> **Activity**
Below are records to be repeated exactly. Leave their pictures behind.

[Image-caption web data]
++++++++++
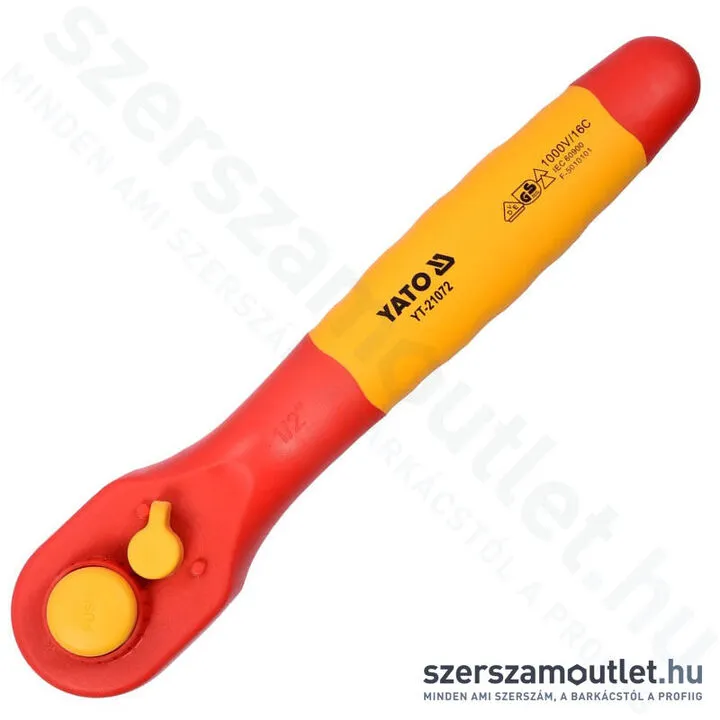 YATO Szigetelt racsnis hajtókar, hajlított 1/2"x250mm 1000V (YT-21072)
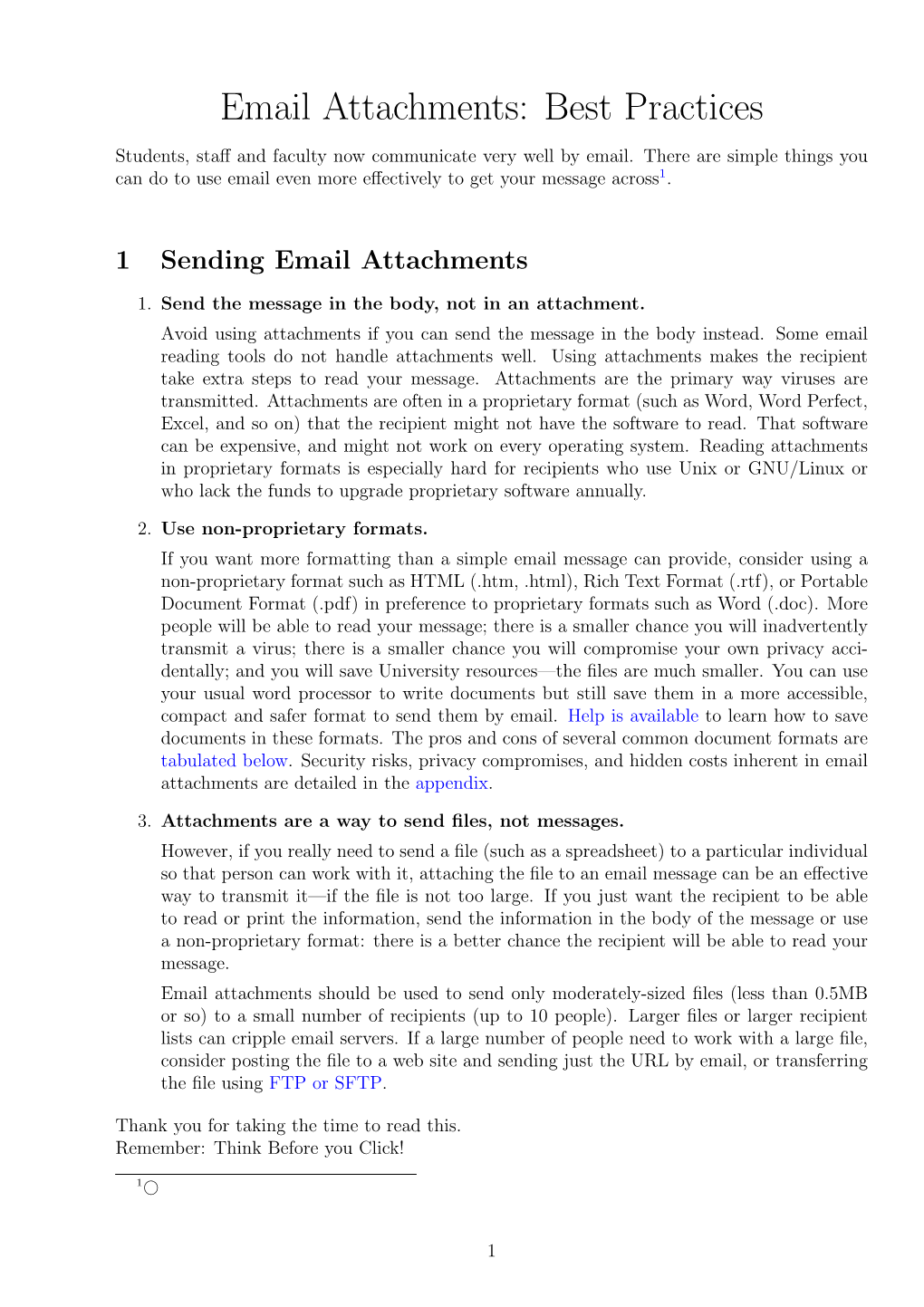 Email Attachments: Best Practices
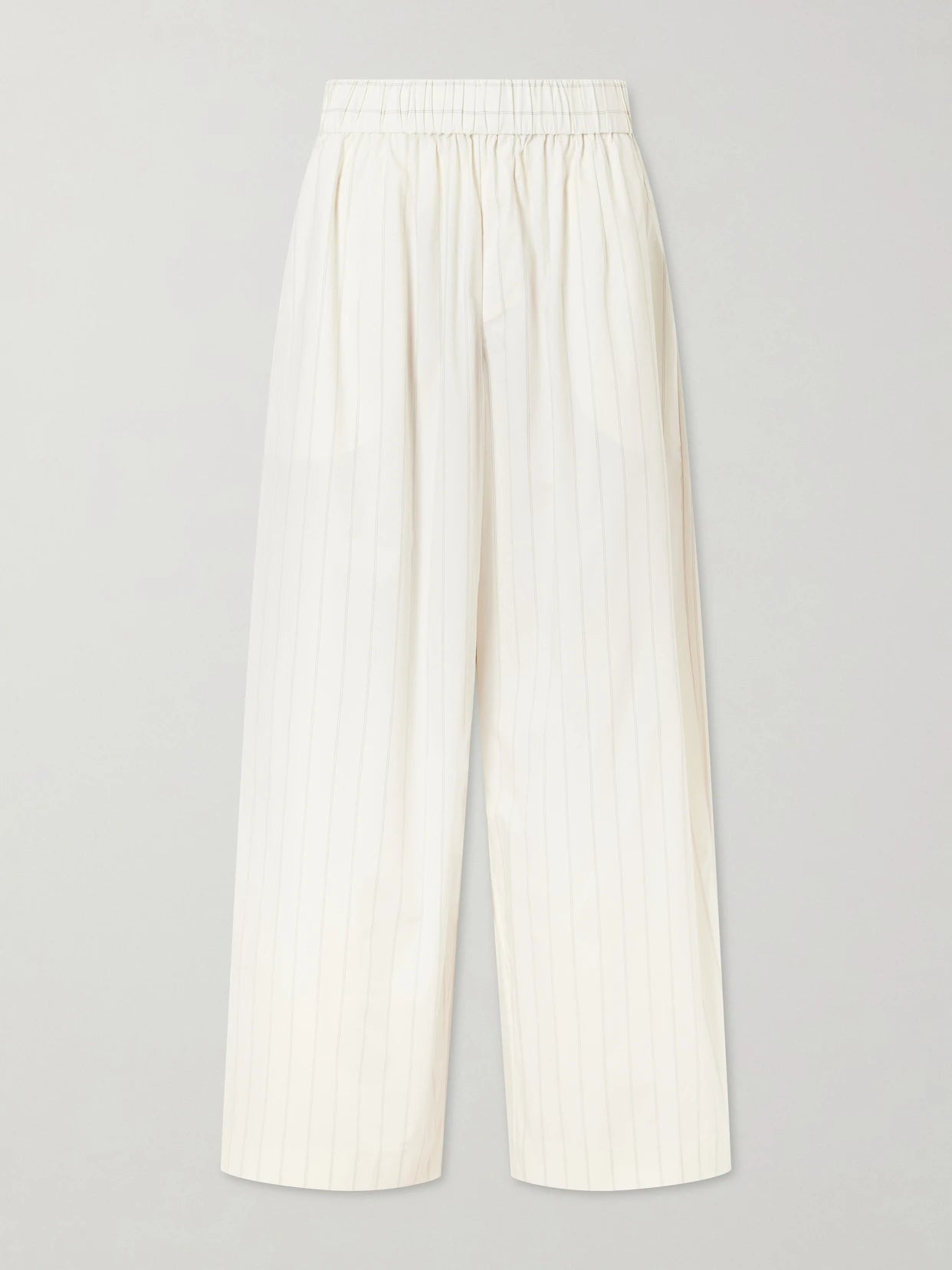 Image of a model wearing Pants. Product name - Everyday Striped Cotton-blend Poplin Wide-leg Pants in Ecru colour by brand - ST. AGNI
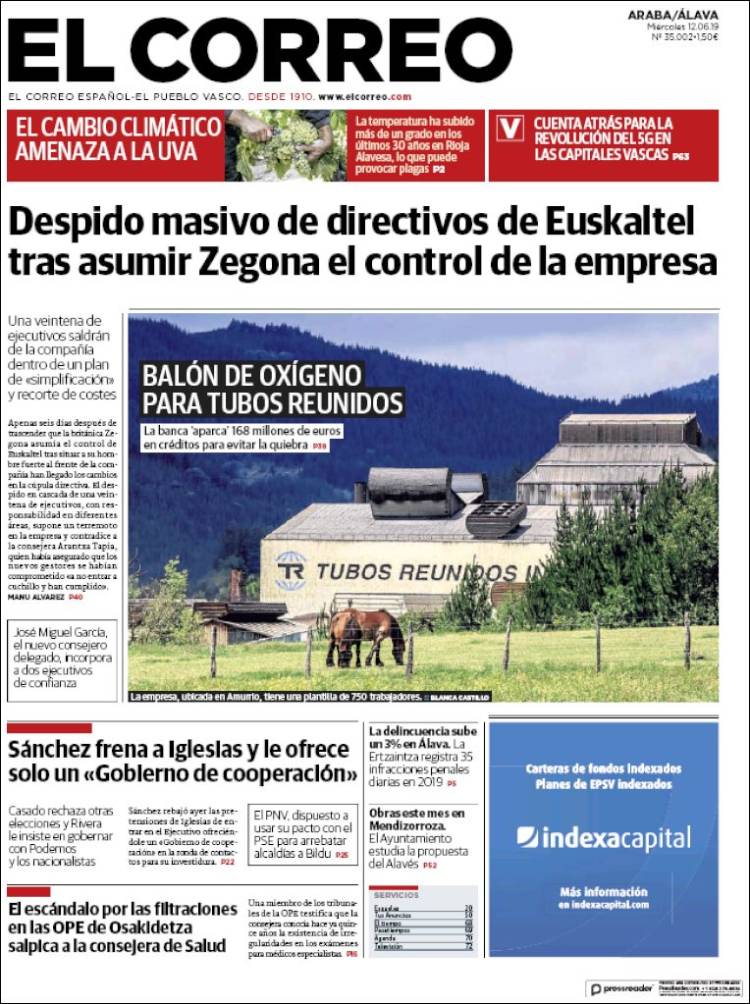 Portada de El Correo - Álava (España)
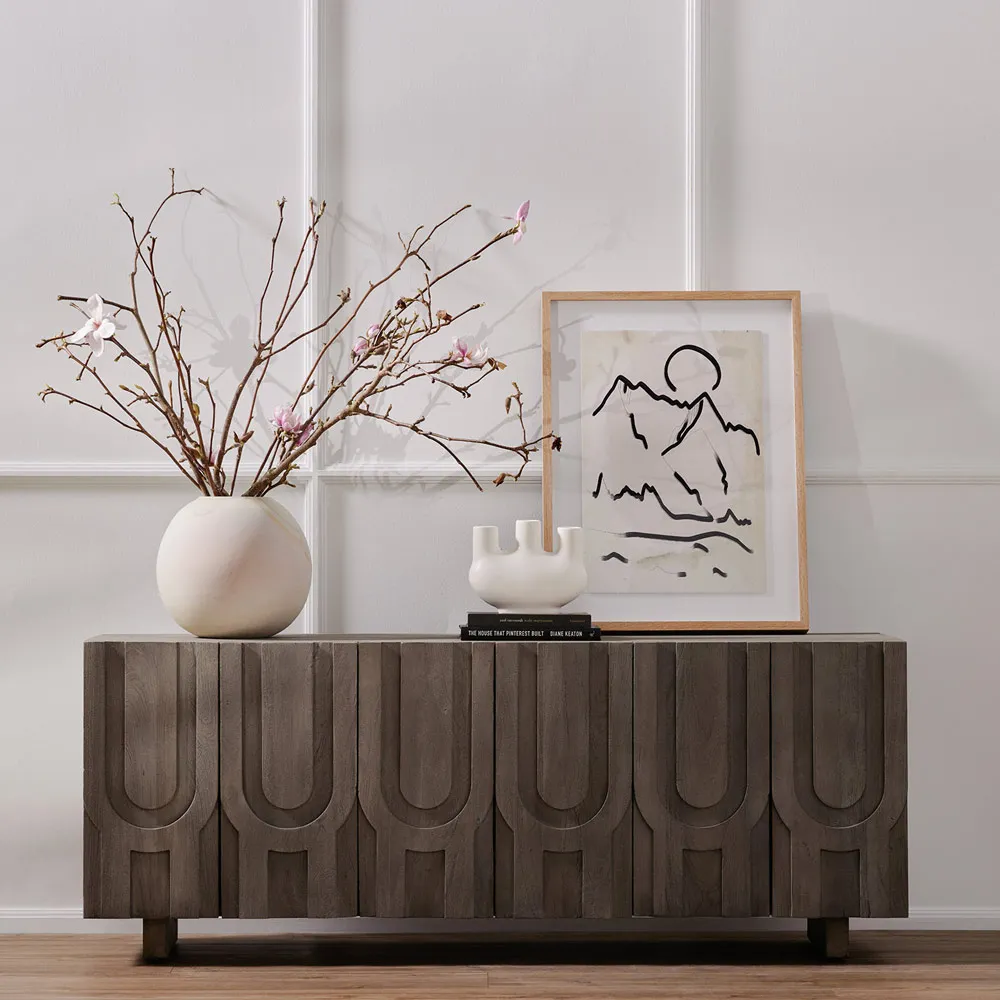 Celia Carved Wood Media Console - Aged Grey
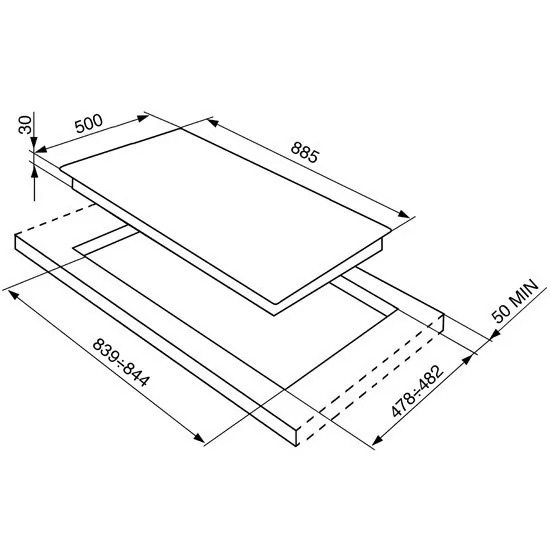 SMEG Plan de cuisson, 90 cm, acier inoxydable SRV596-5
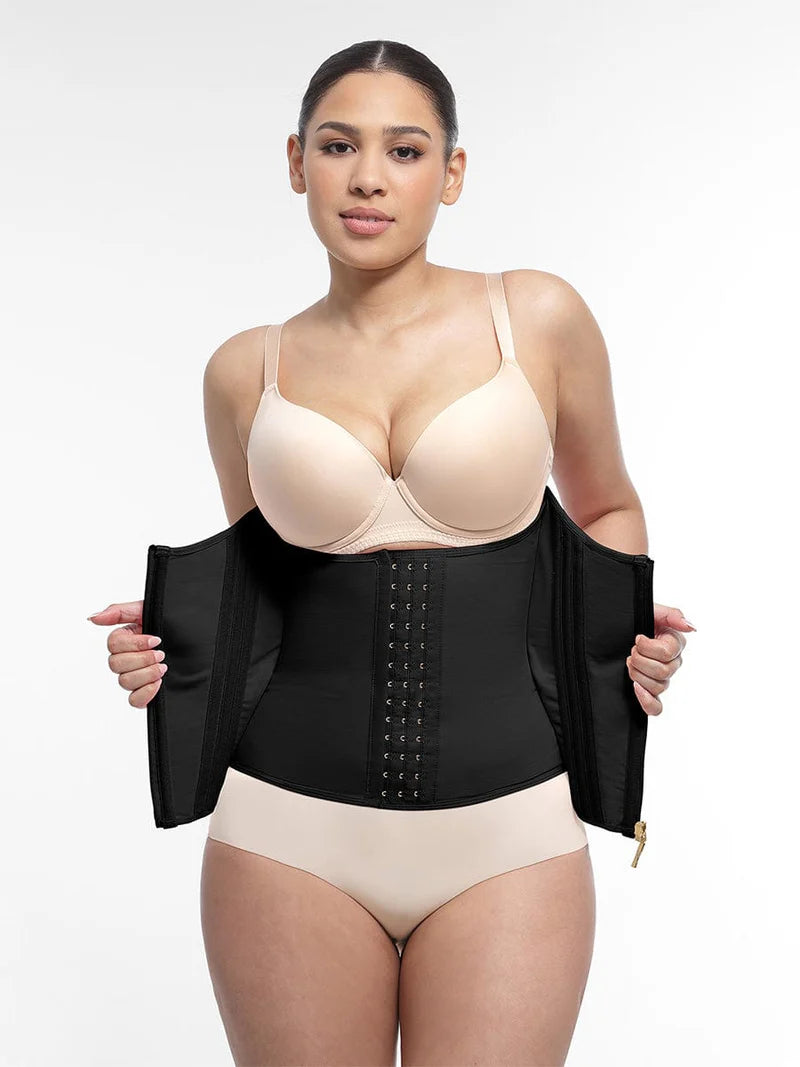 High Compression 15 Built-in Steel Bone Tummy Control Waist Trainer Black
++++++++++
> **Exercise output**
 YATO Szigetelt racsnis hajtókar, hajlított 1/2"x250mm 1000V (YT-21072)
 Email Attachments: Best Practices
 Image of a model wearing Pants. Product name - Everyday Striped Cotton-blend Poplin Wide-leg Pants in Ecru colour by brand - ST. AGNI
 Portada de El Correo - Álava (España)
 Celia Carved Wood Media Console - Aged Grey
 SMEG Plan de cuisson, 90 cm, acier inoxydable SRV596-5
 High Compression 15 Built-in Steel Bone Tummy Control Waist Trainer Black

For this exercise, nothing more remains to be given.